▼▼▼
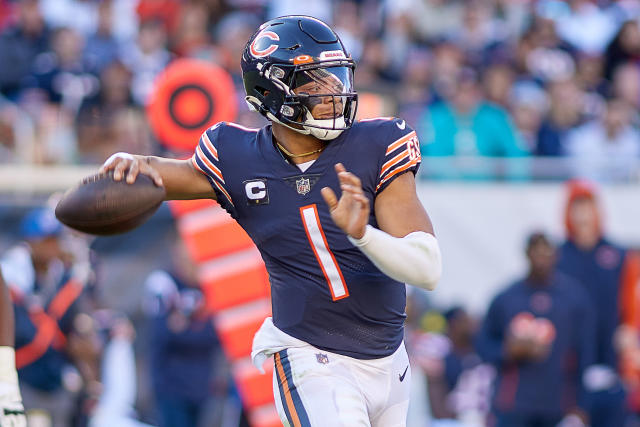 Fantasy Football Week 10 Rankings: Top QBs, RBs, WRs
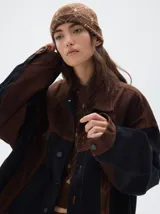 Gorro tejido tipo beanie con diseño jacquard en tonos marrones. Confeccionado en mezcla de fibras suaves.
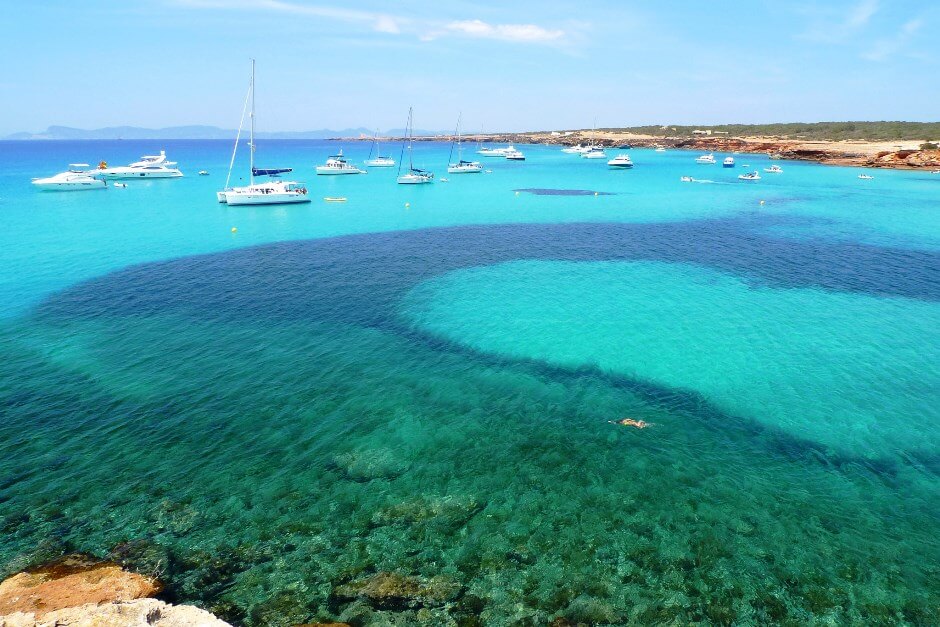 Vue d'une plage de l'île de Formentera, près d'Ibiza.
▲▲▲
Set down the data above exactly as written. Omit the pictures.

 Fantasy Football Week 10 Rankings: Top QBs, RBs, WRs
 Gorro tejido tipo beanie con diseño jacquard en tonos marrones. Confeccionado en mezcla de fibras suaves.
 Vue d'une plage de l'île de Formentera, près d'Ibiza.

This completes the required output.